Die Erhebung der Information über die Hundehaltung zum Zwecke des demonstrativen Registerabrufs war mithin rechtswidrig. Doch was bedeutet das für die anschließende Information, dass der Hund der Familie XYZ nicht angemeldet ist? Trotz steuerrechtlichem Untersuchungsgrundsatz ist der Staat bei jeglichem Eingriff in die Grundrechte einer Person an den Grundsatz der Verhältnismäßigkeit gebunden. Er muss also bei der Frage, ob rechtswidrig erlangte Informationen verwertet bzw. auch nur für weitere Erhebungen verwendet werden dürfen, zwischen den verschiedenen Interessen abwägen. Einerseits darf der Staat nicht sehenden Auges doch wegschauen, wenn ihm etwas Rechtswidriges zur Kenntnis gelangt, andererseits darf nicht unberücksichtigt bleiben, wenn von der Rechtsordnung vorgesehene Schutzmechanismen nicht angewendet wurden, wie beispielsweise ein Auskunftsverweigerungsrecht von Angehörigen. Für den Fall der Verletzung der Pflicht zur Belehrung Angehöriger über ihre Auskunftspflicht hat die Rechtsprechung zumindest ein Verwertungsverbot anerkannt (vgl. insbesondere BFH, Urteil vom 31. Oktober 1990 – II R 180/87).

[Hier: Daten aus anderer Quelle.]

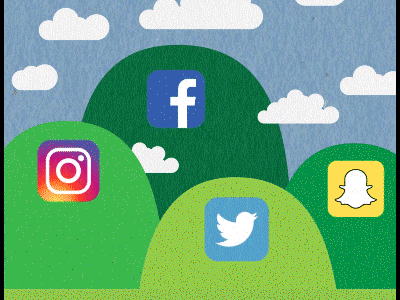 Social Landscape aftereffects facebook illustrator instagram keepitnerdy motion media portfolio snapchat social media the more you know twitter work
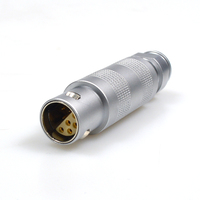 OURCONN Compatible avec les connecteurs auto-bloquants Fischer Push-pull, série F, prise étanche en métal courte argentée 0F 1F 2F 3F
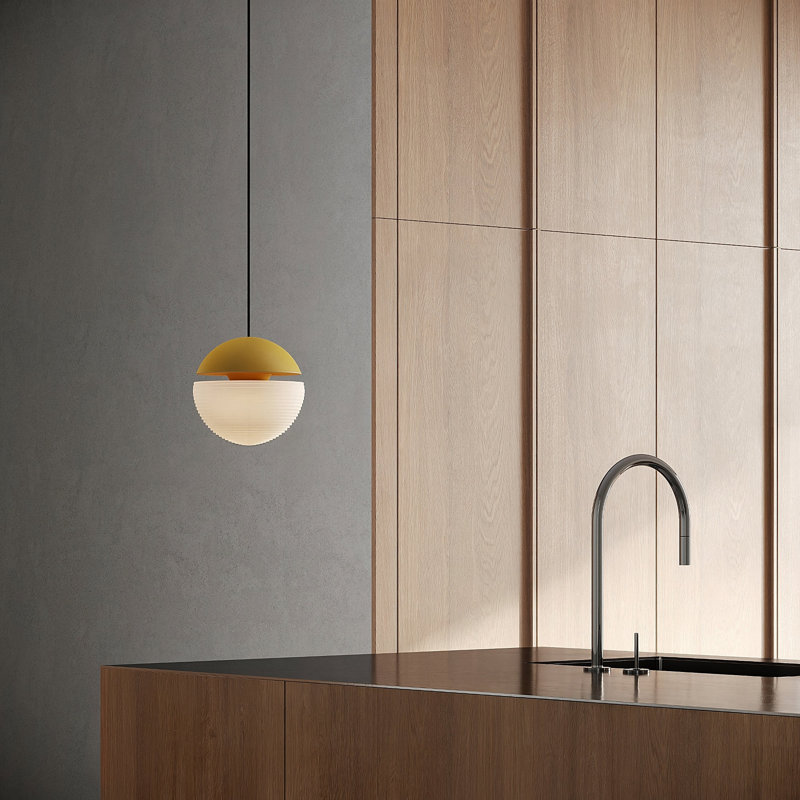Cora Pendant Light, Mustard, White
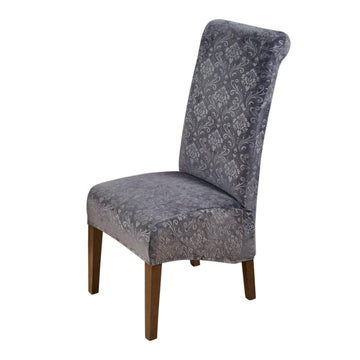 Premium Embossed Velvet Long Back Chair Cover Set of 1/2/4/6, Dark Grey - HOKIPO | Har Ghar ka Humsafar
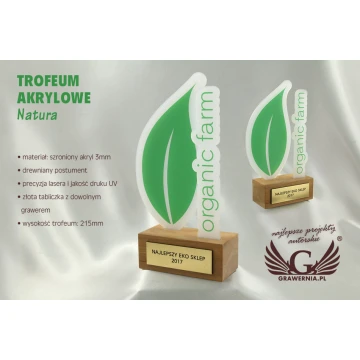 Trofeum akrylowe - NATURA - model DTA38 - wys. 21,5cm - druk UV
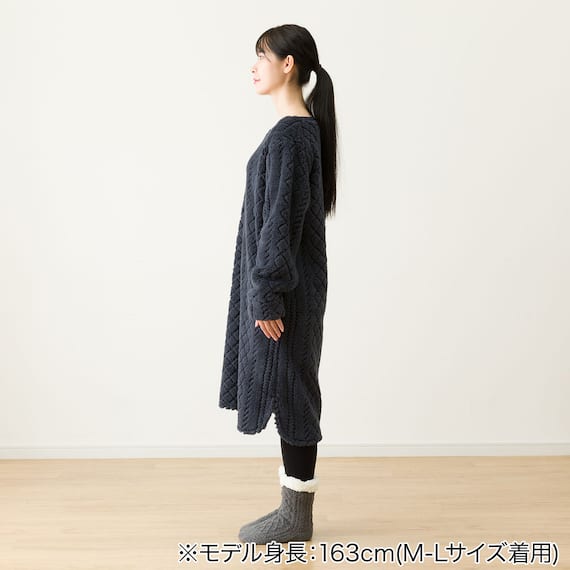 WOMEN ケーブルワンピース (NウォームWSPケーブルNV L-LL) 4枚目画像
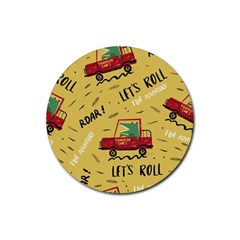 Childish-seamless-pattern-with-dino-driver Rubber Round Coaster (4 Pack) by Vaneshart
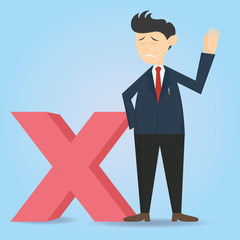 male businessman character with wrong mark cartoon vector illustration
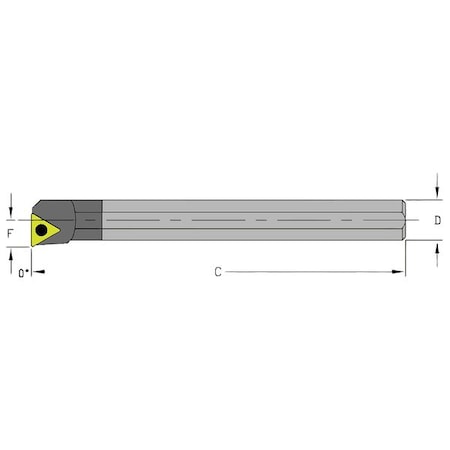 Indexable Boring Bar, E16R STUPR3, 8 In L, Carbide, Triangle Insert Shape
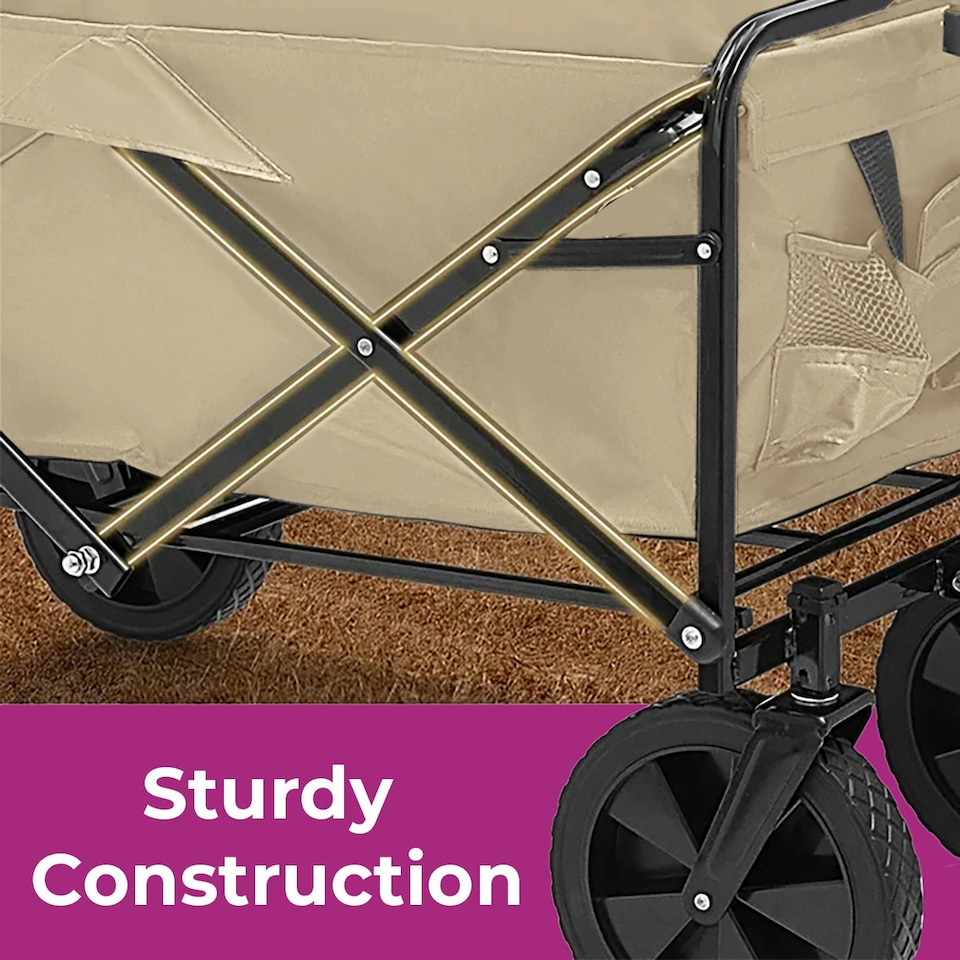 image 1 of Neo Foldable Collapsible Garden Festival Cart - Natural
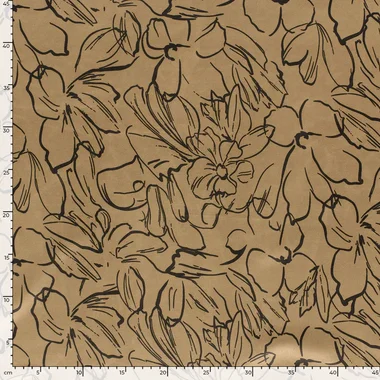 -Suèdine stof - suède wildleer - bloemen - camel - 31/24120-053 - Suèdine stof - suède wildleer - bloemen - camel - 31/24120-053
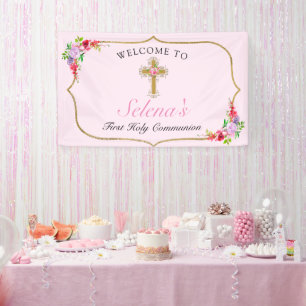 Girls First Heilige Kommune Hübsche Blumenwillkomm Banner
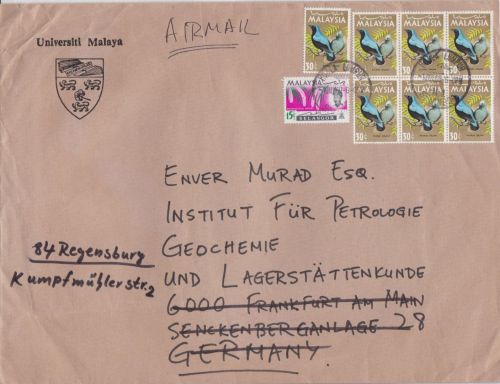 Malaysia / Selangor Brief der Universität Kuala Lumpur - Regensburg 1969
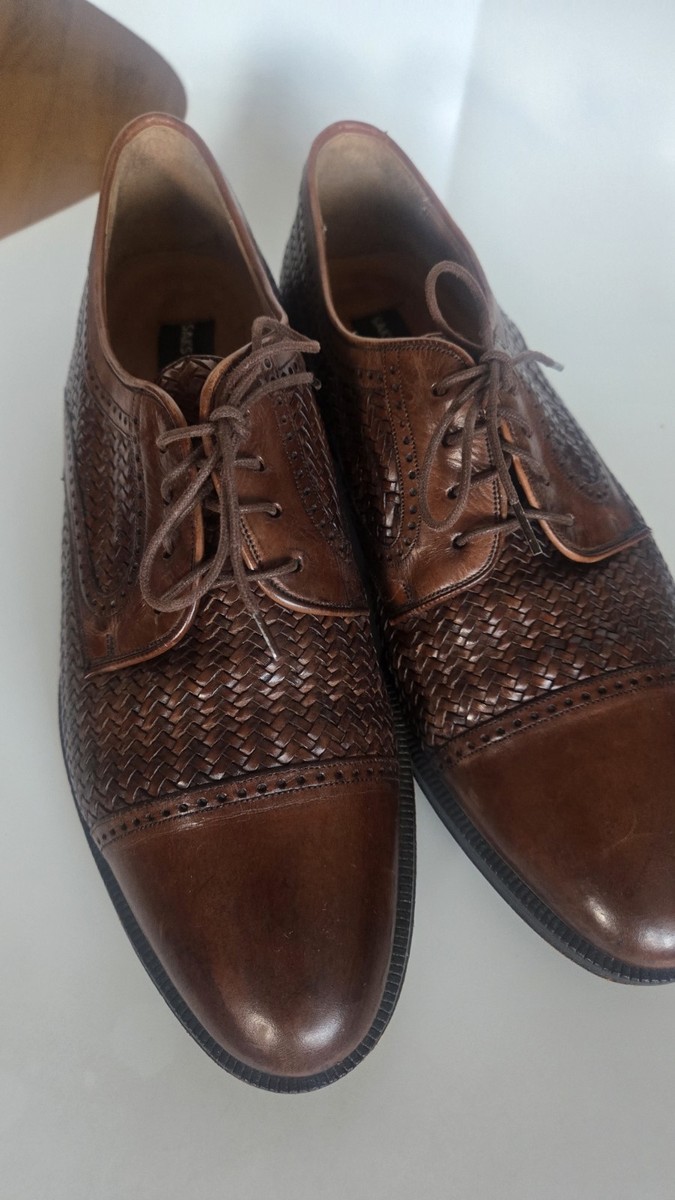Men\'s Saks Fifth Avenue Brown Leather Woven Lace-Up Oxford Shoes Italian Size 8M Saks Fifth Avenue Brown Leather Woven Lace-Up Oxford Shoes  main image 2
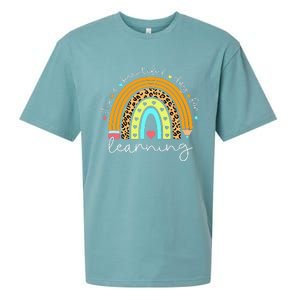 It's A Beautiful Day For Learning Rainbow Teacher Students Sueded Cloud Jersey T-Shirt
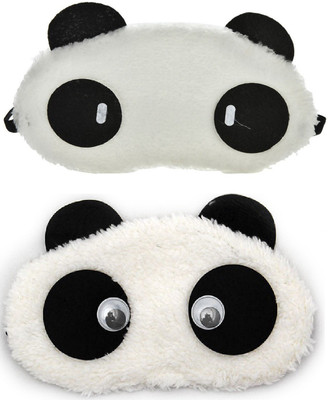 

Jonty Cylinder Eyes Panda Travel Sleep Cover Blindfold (Pack of 2) Eye Shade(White)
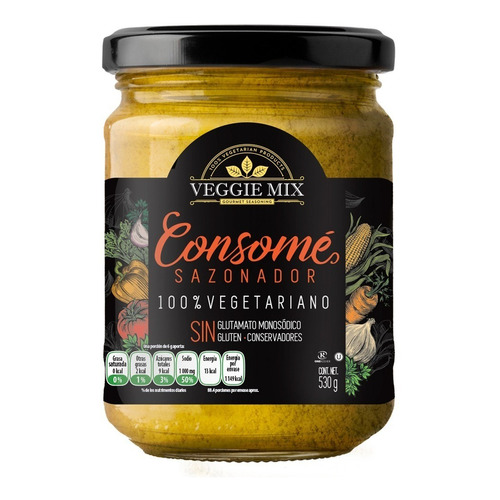 Consomé Sazonador Vegetariano Veggie Mix. Sin Glutamato 530g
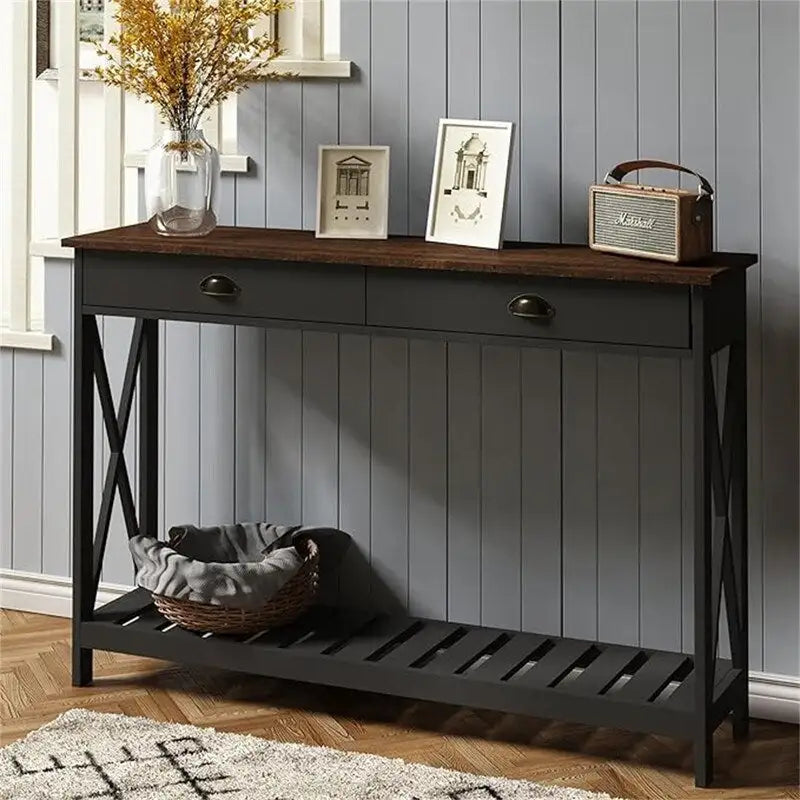 47 Farmhouse Console Table with Drawer for Entryway - 11.8D x 47.19W x 31.5H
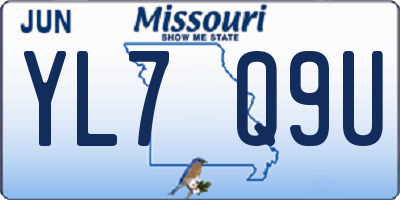 MO license plate YL7Q9U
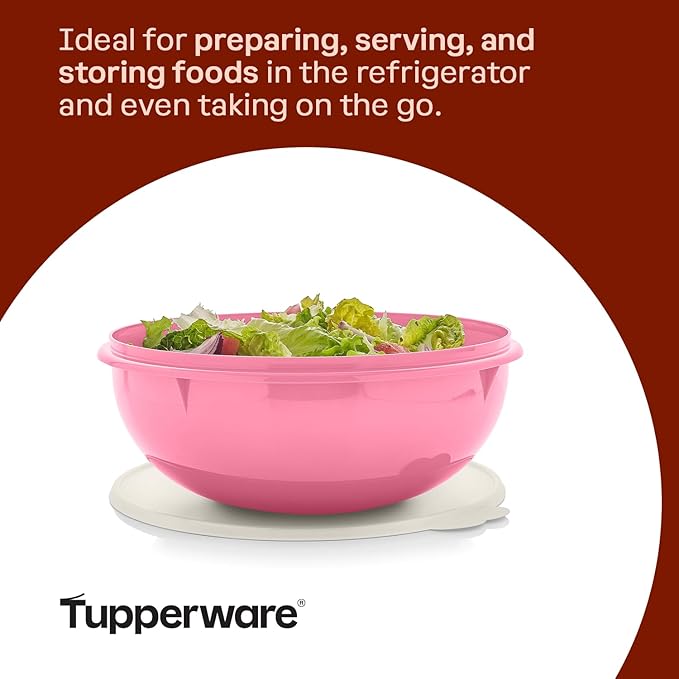 Tupperware Fix-N-Mix 1.7 Gallon Mixing Bowl with Lid, Pink Vintage Color, Dishwasher Safe and BPA Free (6.5 L)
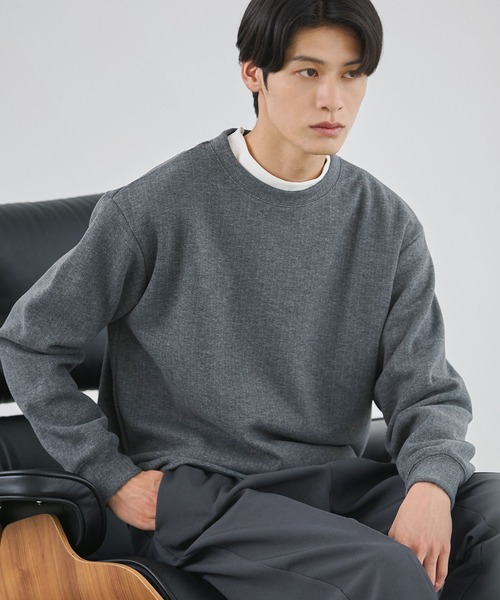 ヘリンボーンダブルフェイスクルーネック長袖スウェット（スウェット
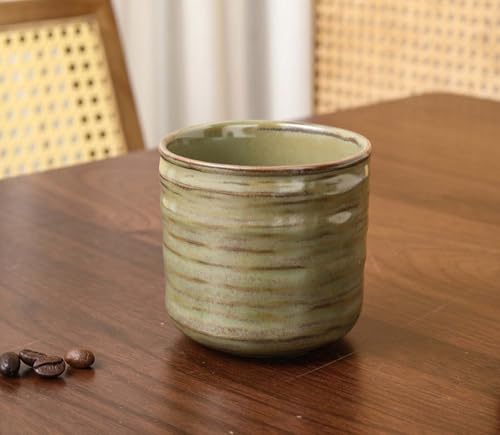 FIBOS Green Japanese Retro Ceramic Teacups – Coffee & Water Cups for Home & Restaurant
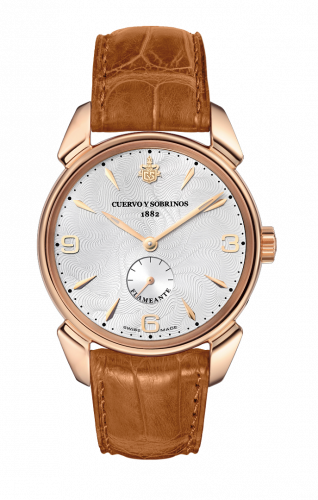 Cuervo y Sobrinos Historiador Flameante Rose Gold Silver Alligator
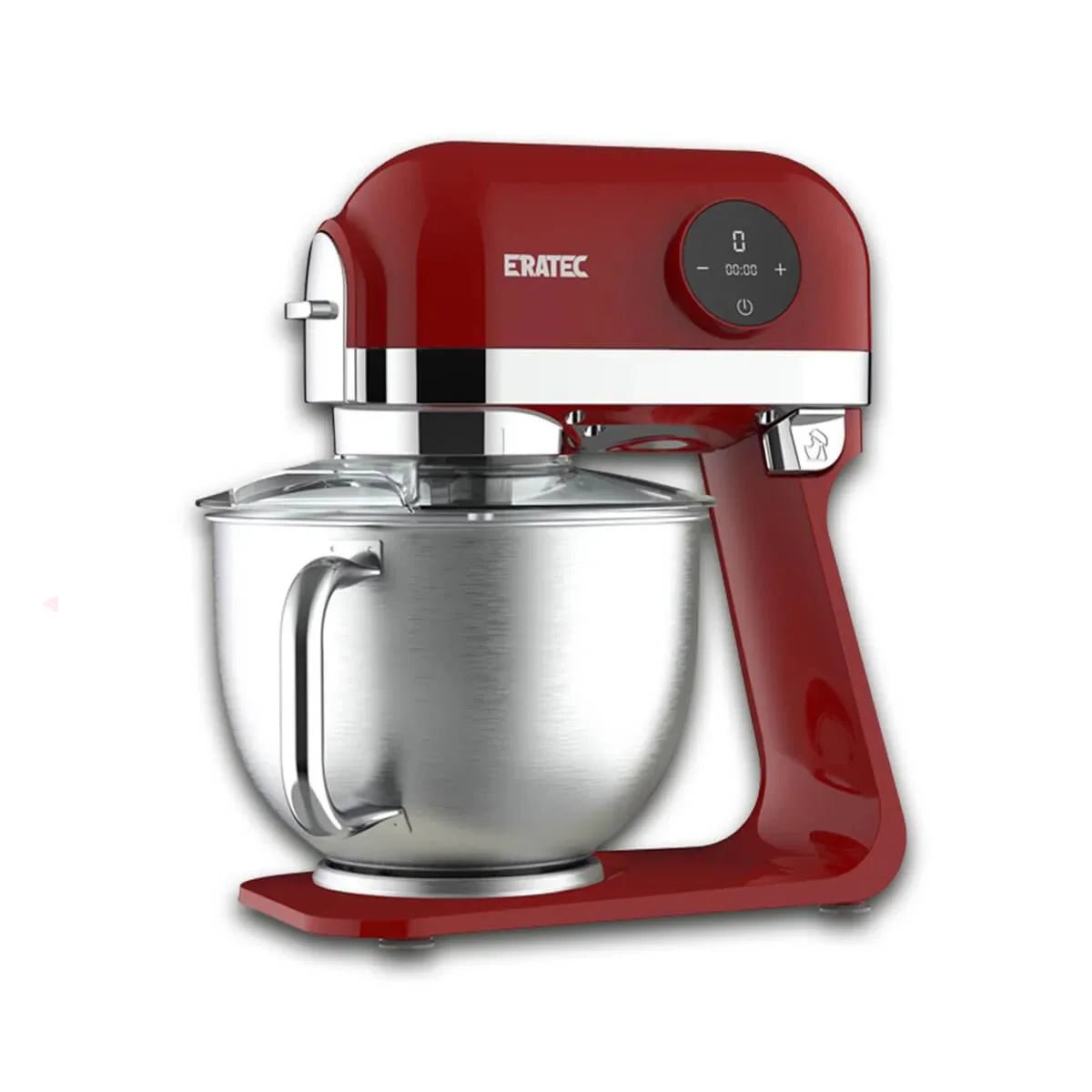 Küchenmaschine KF-967 in Rot, seitlich von vorn mit Edelstahlschüssel und Spritzschutz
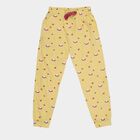 Girls Yellow Regular Fit Heart Printed Pyjama, Yellow, small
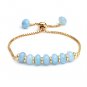 Aquamarine Rondelle 6mm Smooth beads adjustable stacking bracelet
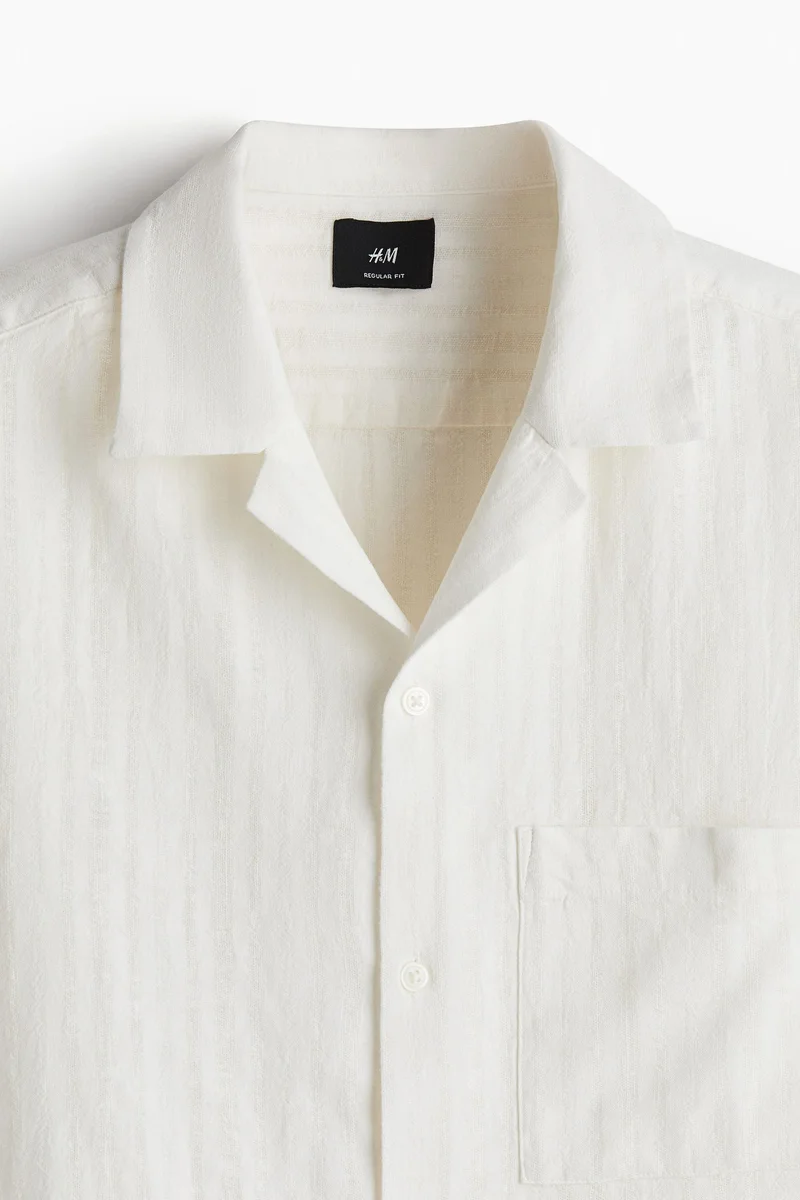 H&M 001-11-115-White Dusty Light Regular Fit Linen-blend resort shirt for Men | Best Price UAE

Im hiesigen Fall hatte die Gemeinde vor dem Geschehen keine Überlegungen zu der Erhebung oder Verwend- bzw. Verwertbarkeit von rechtswidrig oder zufällig erlangten Informationen getätigt. Als die Datenschutzbehörde auf die Beschwerde der Eltern des betroffenen Kindes hin die Gemeinde um Stellungnahme baten, hatte diese jedoch bereits begonnen, die interne Vorgehensweise bei den Besuchstagen von Schulkindern zu überarbeiten. Insoweit wurde vor allem dafür sensibilisiert, dass vor jeder Verarbeitung personenbezogener Daten überlegt werden muss, ob dafür jeweils eine Rechtsgrundlage besteht – und allein die Kenntnis über die Rechtswidrigkeit eines Verhaltens nicht ausreicht, um rechtswidrig erlangte Informationen verwerten zu dürfen.
Gerade Kindern gegenüber sollte klar sein, dass staatliches Handeln auf gesetzlicher Grundlage erfolgen muss. Sie nach ihren persönlichen Lebensumständen zu befragen, sollte keine Grundlage zur Einleitung hoheitlicher Verfahren sein.